Duong characterises quadratic 2-step reduced nilpotent Lie algebras in terms of \(T^*\)-extensions: any such algebra is isometrically isomorphic to the \(T^*\)-extension of an abelian Lie algebra with a non-degenerate cyclic 2-cocycle \(\omega\). [Minh Thanh Duong, Vietnam J. Math. 41, No. 2, 135–148 (2013; Zbl 1323.17013)] An alternate proof of this fact is given by the authors.
\(n\)-quadratic families of matrices
Quadratic Lie algebras can be equivalently described in terms of a family of \(n\) quadratic matrices \(\{M_1,\ldots,M_n\}\). In essence, these \(n\times n\) matrices are defined so that the \(j\)-th column of \(M_i\) is a Lie bracket of basis vectors \([e_i,e_j]\). An additional requirement of the skew-symmetry of each \(M_i\) ensures the existence of a quadratic form. One can then consider an \(n\times \left(\frac{n-1}{2}\right)\) matrix \(\mathcal{F}\) whose columns are the structure constants. The authors prove that 2-step reduced nilpotent Lie algebras are equivalent to those families where \(\mathcal{F}\) has maximum rank (non-degenerate).
From this identification, Benito, de-la-Concepción, Roldán-López and Sesma, derive an algorithm to find quadratic Lie algebras of fixed dimension and generators. [P. Benito et al., J. Symb. Comput. 94, 70–89 (2019; Zbl 1423.68613)]. This would require one to solve the linear equations prescribed by the definition of \(n\)-quadratic matrices subject to the constraint of the non-degeneracy of the family. Unknown to the authors, solving the non-degeneracy of the family is a particular case of the well known matrix completion problem in computer science. This can be an NP-hard problem, depending on the parameters resulting from the definition of the \(n\)-quadratic matrices.
Main theorem
The statement of the main theorem is as follows.
Theorem. Let \(n\geq3\) and fix a vector space \(B=\langle b_1,\ldots b_n\rangle\) and a bilinear form \(\omega\colon B\times B\to B^*\).
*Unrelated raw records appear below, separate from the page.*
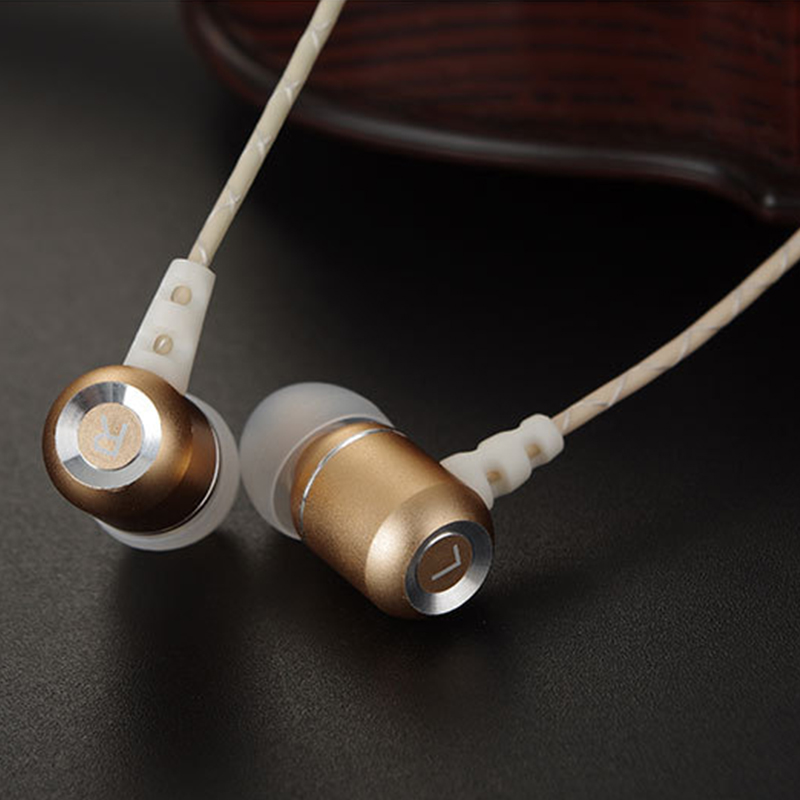 Sports Running In-ear Earphone Metal Heavy Bass Earphones Noise Cancelling Earbud for phone Cmputer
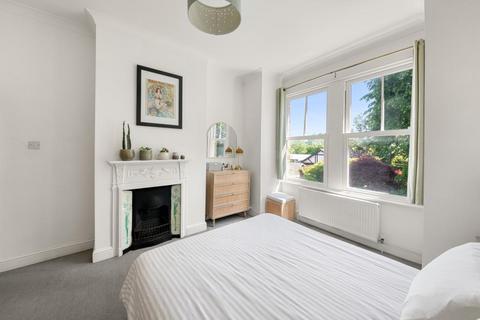 2 bedroom flat for sale, Overdale Road, Ealing, London, W5 4TT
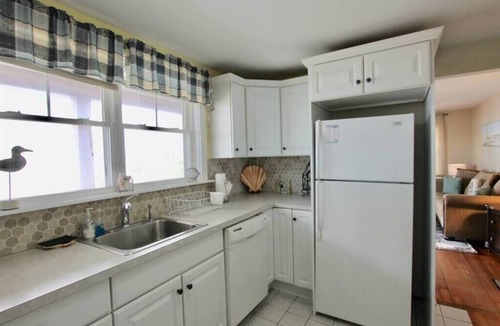 Newport House | Briarwood Multifamily
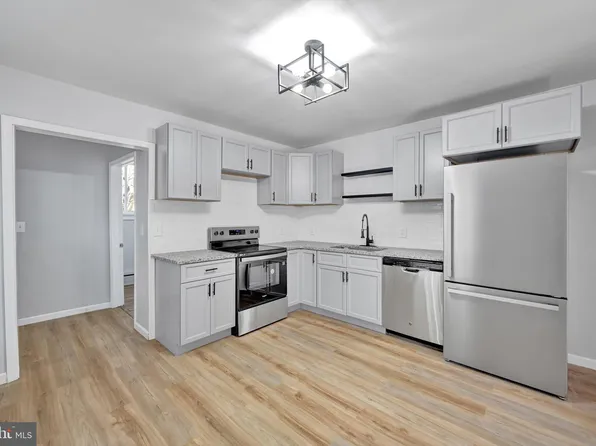44 S Nice St, Frackville, PA 17931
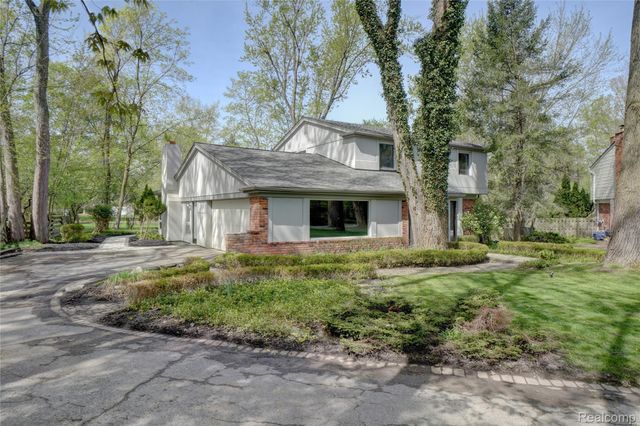 19341 Devonshire Street, Beverly Hills Village, MI 48025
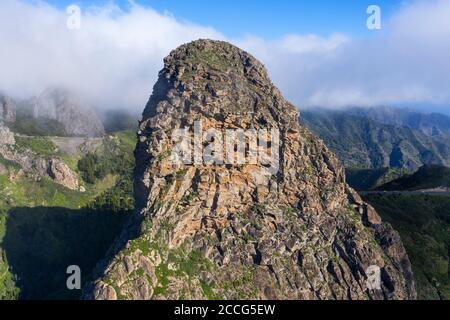 Roque de Agando Felsturm mit Handel Windwolken, Monumento Natural de los Roques, Luftaufnahme, La Gomera, Kanarische Inseln, Spanien Stockfoto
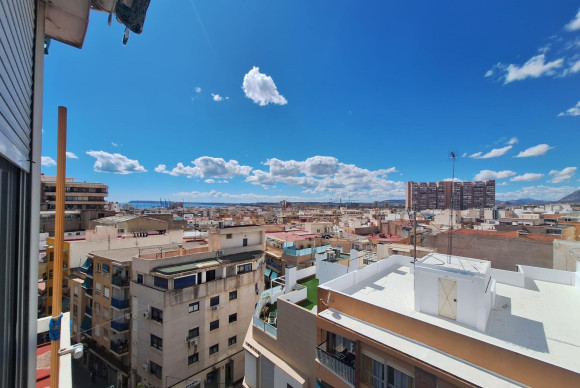 Herverkoop - Appartement  - Alicante - San blas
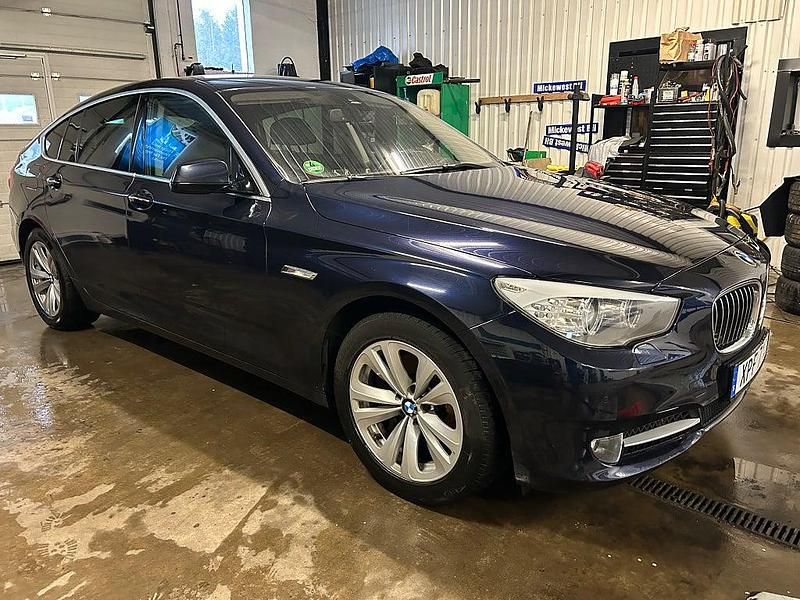 Begagnad BMW 530 Gran Turismo 258 HK (189 kW) 2013 Blå Halvkombi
Set \(\omega(b_i,b_j)(b_k) = c_{ijk}\) and \(\mathfrak{g} = B\oplus B^*\). For every \(b,b'\in B\) and \(\beta,\beta'\in B^*\), define the product \( [b+\beta , b'+ \beta'] = \omega(b,b') \) and the bilinear form \[ q'(b+\beta, b'+ \beta') = \beta(b') + \beta'(b). \] Let \(\{(\mathfrak{g}_k,q_k)\}_{k=0}^n,\) denote the chain obtained by extending, at step \(i\), the algebra \((\mathfrak{g}_0,q_0) = (\{0\},0)\) by the central element \(b_i\) and then by the derivation \(d_{i-1}(b^*_j) = 0\), \(d_{i-1}(b_j) = \sum_{k=1}^{i-1}c_{ijk}b_k^*\). Let \(\{ M_1,\ldots,M_n\}\) be the family of matrices with entries \((M_i)_{(k,j)} = c_{ijk}\). The following statements are equivalent

1.

\((\mathfrak{g}, q')\) is a 2-step reduced quadratic Lie algebra,

2.

\(\omega\) is a non-zero cyclic 2-cocycle and \((\mathfrak{g}, q')=(T_\omega B,q')\),

3.

the chain \(\{(\mathfrak{g}_k,q_k)\}\) satisfies NNP and 2SP and \((\mathfrak{g}_n,q_n) = (\mathfrak{g},q')\)

4.

\(\{ M_1,\ldots,M_n\}\) is a non-degenerate \(n\)-quadratic family of matrices whose associated algebra is \((\mathfrak{g},q')\).

Trivectors
The authors use the equivalence theorem to provide an alternate characterisation of 2-step nilpotent reduced quadratic Lie algebras: they show a one to one correspondence between 2-step nilpotent reduced quadratic Lie algebras and 3-alternating forms or trivectors.
The classification of trivectors is then used to provide a complete list of 2-step nilpotent reduced quadratic Lie algebras of dimension up to 17.